What happens if you skip Section A: The pipeline won't run. These steps are load-bearing for basic operation. Claude doing them takes minutes; leaving them undone breaks the pipeline at the first change.

Section B: Your domain knowledge

These steps encode knowledge Claude doesn't have. Claude can scaffold but not fill in.

B1. Populate security.md MUST NEVER section. Each entry here becomes a negative test under trust ON. Claude can suggest generic invariants ("users from one org must not access another org's data") but the load-bearing entries come from your understanding of what breaks if violated: "payment records must never be modified after the settlement timestamp," "audit logs must never lose entries on partial failure." Wrong MUST NEVERs are worse than missing ones: they become tests that either never fire (useless) or block legitimate behavior (harmful).

Format: MUST NEVER: [constraint] — added [date] from [source]. When trust ON, spec-derive-intent reads this section to populate the spec's must_never[] array; the scan reads it for trust-sensitive definitions.

Entries also arrive automatically over time via the self-improving rules cycle: the scan outputs a rules_gaps entry when it detects a risk signal without a matching rule; post-merge, update-capture proposes specific rule text for you to review and add.

What happens if you skip this: Trust ON changes run without negative tests for your specific invariants. The scan and reviewers still catch general trust violations, but project-specific invariants go unprotected. Not a pipeline breaker, but meaningfully weakens the safety net.

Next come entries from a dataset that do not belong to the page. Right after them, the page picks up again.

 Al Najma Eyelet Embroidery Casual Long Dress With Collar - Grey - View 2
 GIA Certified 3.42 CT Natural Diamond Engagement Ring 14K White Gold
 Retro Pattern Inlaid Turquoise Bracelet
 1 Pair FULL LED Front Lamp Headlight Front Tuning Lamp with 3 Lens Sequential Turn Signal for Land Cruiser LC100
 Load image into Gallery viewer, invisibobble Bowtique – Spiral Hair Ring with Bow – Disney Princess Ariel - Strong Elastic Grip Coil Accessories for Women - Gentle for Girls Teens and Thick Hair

B2. Populate docs/user-context/ (optional but recommended). This folder is read by spec-derive-intent before spec writing. It enriches spec quality by giving the agent access to product decisions, user expectations, and domain vocabulary that aren't obvious from the code alone.

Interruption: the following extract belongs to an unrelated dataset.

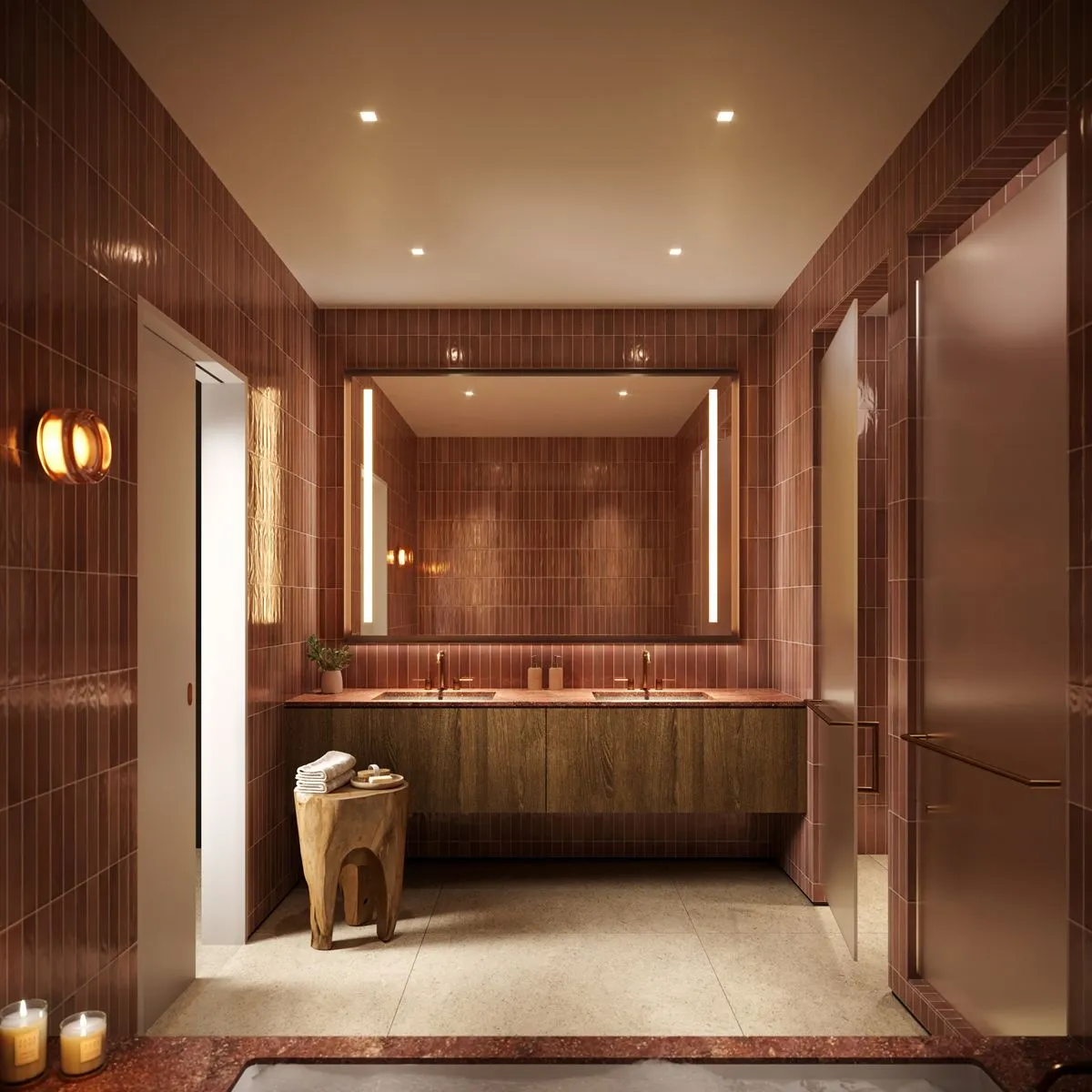 Primary bathroom in the Dawn palette, with clay-rose tile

The folder ships empty (contains only docs/user-context/README.md). You populate it yourself, in two phases:

  • Initial seeding during integration. Create a few files covering your major product areas, drawing from whatever notes, docs, or wiki pages already exist in your organization. A typical starting point is 3–5 files: one per product area with its key decisions, a glossary for domain vocabulary, a trust-invariants file for expectations that go beyond code-level rules. You can also start with zero files and add them reactively if you prefer.
  • Ongoing additions during normal use. Every time you clarify something at the spec approval gate that spec-derive-intent should have known, like "published updates are immutable after 24 hours" or "our 'customer' means account holder, not end user," that clarification is a candidate for a new context file.

What belongs: product decisions, trust invariants beyond code-level rules, user expectations, domain vocabulary the AI might misinterpret.

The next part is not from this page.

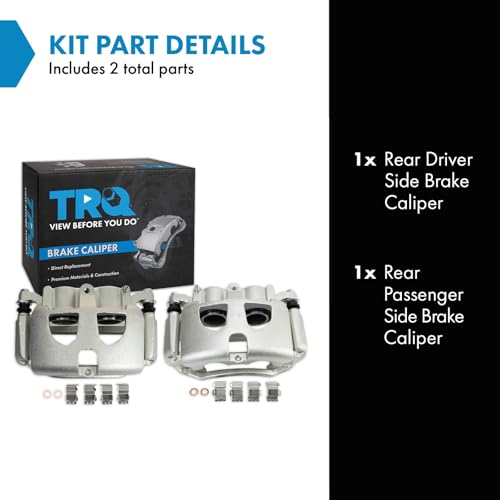 Image of TRQ Rear Driver and Passenger Side Brake Caliper Set Caliper Brackets Hardware Compatible with 13-21 Ford F-350 Super Duty with Dual Rear Wheels DRW 13-14 F-450 Super Duty Dual Wheels DRW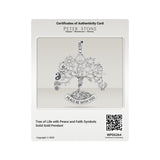 Tree of Life with Peace and Faith Symbols Solid Gold Pendant GPD6364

What doesn't belong: code documentation (the scan reads your code directly), API references, deployment config, changelogs.

Any readable structure works. Organize by feature area, user segment, team ownership, or whatever makes sense; the scan reads the folder's contents, not a prescribed schema.

What happens if you skip this: spec-derive-intent still runs but derives intent from scan evidence alone. Specs are thinner and less accurate to your product context. Mismatches get caught at the spec approval gate, but approval takes longer. If specs keep failing review for "missing criteria" or "unclear intent," populating this folder is usually the fix.

Section C: Ongoing

These happen naturally as you use the pipeline.

C1. Seed project-specific rules as they emerge. Don't try to front-load every rule. The self-improving cycle will surface gaps through normal pipeline runs. Add rules when you observe a specific failure, not in anticipation. Areas that commonly accumulate rules: commit message format, branch naming, PR title conventions, issue/ticket reference patterns.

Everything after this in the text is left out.